Introduction The BSG guideline for the management of iron-deficiency anaemia (IDA) recommends that all patients should be screened for coeliac disease by coeliac serology. If serology is negative, small bowel biopsies (SBB) are not required at upper GI endoscopy (UGIE), unless other features are present suggesting the diagnosis of coeliac disease. If coeliac serology is positive, coeliac disease should be confirmed by SBB. Previous studies had demonstrated poor compliance with this recommendation.1 The aim of this audit was to assess the number of patients undergoing UGIE for investigation of IDA who were screened for coeliac disease.

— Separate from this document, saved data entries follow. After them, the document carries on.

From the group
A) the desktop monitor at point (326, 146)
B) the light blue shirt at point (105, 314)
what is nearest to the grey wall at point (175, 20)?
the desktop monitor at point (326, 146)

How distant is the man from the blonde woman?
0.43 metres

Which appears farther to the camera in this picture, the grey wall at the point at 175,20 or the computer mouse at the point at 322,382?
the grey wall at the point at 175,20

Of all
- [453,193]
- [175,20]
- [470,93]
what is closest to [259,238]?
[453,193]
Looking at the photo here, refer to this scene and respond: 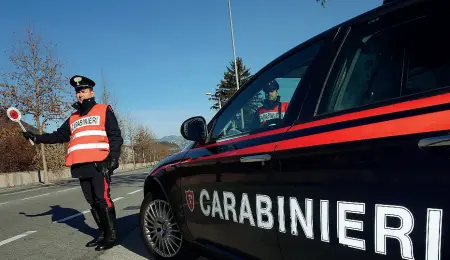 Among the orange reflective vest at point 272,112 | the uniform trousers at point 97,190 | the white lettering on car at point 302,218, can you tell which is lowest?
the uniform trousers at point 97,190

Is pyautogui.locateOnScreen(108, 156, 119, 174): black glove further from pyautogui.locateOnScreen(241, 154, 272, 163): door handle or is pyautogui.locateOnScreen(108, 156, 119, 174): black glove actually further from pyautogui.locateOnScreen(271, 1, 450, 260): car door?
pyautogui.locateOnScreen(271, 1, 450, 260): car door

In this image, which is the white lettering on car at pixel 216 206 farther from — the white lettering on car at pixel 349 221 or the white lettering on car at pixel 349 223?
the white lettering on car at pixel 349 223

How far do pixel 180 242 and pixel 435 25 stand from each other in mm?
2426

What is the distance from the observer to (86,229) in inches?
208

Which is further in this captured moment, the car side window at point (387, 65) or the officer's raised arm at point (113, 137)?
the officer's raised arm at point (113, 137)

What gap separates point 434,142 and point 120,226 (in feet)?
16.3

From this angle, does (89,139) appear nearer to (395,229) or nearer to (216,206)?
(216,206)

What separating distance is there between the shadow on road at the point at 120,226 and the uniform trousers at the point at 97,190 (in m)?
0.56

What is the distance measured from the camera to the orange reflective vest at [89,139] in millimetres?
3941

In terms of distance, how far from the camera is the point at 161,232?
128 inches

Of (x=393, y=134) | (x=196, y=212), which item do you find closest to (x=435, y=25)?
(x=393, y=134)

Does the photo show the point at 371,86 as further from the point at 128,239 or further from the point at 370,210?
the point at 128,239

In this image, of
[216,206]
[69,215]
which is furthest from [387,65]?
[69,215]

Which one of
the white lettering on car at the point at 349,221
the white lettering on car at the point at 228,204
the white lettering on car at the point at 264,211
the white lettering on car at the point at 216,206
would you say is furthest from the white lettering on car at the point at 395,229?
the white lettering on car at the point at 216,206
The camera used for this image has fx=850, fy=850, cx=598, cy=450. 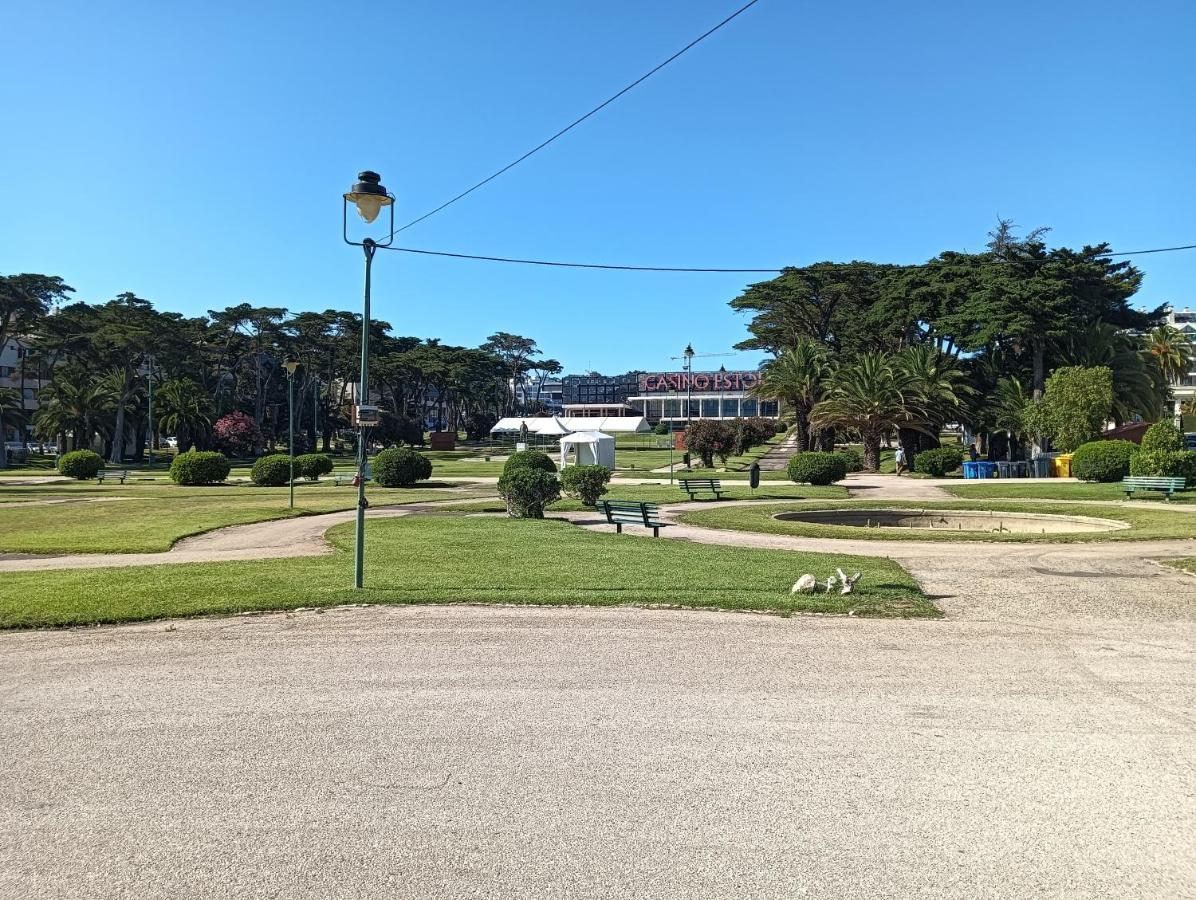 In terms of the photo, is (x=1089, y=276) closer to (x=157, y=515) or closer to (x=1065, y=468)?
(x=1065, y=468)

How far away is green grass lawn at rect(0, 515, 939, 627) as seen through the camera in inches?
412

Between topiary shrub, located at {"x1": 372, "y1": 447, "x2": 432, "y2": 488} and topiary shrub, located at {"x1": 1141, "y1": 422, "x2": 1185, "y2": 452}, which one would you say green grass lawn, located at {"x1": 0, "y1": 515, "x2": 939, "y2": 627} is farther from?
Result: topiary shrub, located at {"x1": 372, "y1": 447, "x2": 432, "y2": 488}

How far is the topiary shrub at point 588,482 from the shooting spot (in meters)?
25.6

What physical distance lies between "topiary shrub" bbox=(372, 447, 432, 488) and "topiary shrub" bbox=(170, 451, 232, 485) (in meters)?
9.15

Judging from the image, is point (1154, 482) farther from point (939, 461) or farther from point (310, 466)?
point (310, 466)

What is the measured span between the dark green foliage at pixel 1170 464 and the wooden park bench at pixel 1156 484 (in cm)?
52

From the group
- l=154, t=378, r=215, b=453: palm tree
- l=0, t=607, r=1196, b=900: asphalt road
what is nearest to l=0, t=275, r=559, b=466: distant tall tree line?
l=154, t=378, r=215, b=453: palm tree

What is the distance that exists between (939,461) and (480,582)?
3793 cm

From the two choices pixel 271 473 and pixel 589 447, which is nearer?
pixel 271 473

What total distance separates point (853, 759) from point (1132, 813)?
59.2 inches

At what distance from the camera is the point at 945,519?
24391 millimetres

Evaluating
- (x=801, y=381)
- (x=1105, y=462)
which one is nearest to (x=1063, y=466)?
(x=1105, y=462)

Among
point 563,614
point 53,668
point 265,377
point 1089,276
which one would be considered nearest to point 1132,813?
point 563,614

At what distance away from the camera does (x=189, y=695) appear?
683 centimetres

Methods Retrospective audit of all patients undergoing UGIE at our institution between January 2007 and May 2008. Patients were identified from the endoscopy database (Unisoft), and coeliac serology and duodenal biopsy results were retrieved from the pathology results system. IDA was defined as Ferritin <12 μg/dl and/or Hb <13.5 in men and <12 in women with MCV <82.

Results During the 15-month period of the audit, a total of 5376 UGIEs were performed. Of these, “anaemia” was recorded as the indication in 825 cases; however, only 424 (7.9%) had confirmed IDA. Of these 424 patients, 122 (28.8%) had anti-endomysial antibodies checked prior to UGIE; positive antibodies were present in 10 (8.2%) of these patients.

SBB was performed in 202 (47.6%) of the 424 patients: 10 patients with positive antibodies (confirmed coeliac disease in 7, equivocal results in 2 and normal histology in 1 patient), 121 with no previous serology test (1 confirmed coeliac disease, 2 equivocal histology), and 71 with negative antibodies (2 confirmed coeliac disease, 1 equivocal histology).

Overall, 243 (57.3%) of the 424 patients with IDA were screened for coeliac disease by either serology or SBB. The diagnosis was confirmed in 10 patients (2.4%), with equivocal histology in a further five patients (1.2%).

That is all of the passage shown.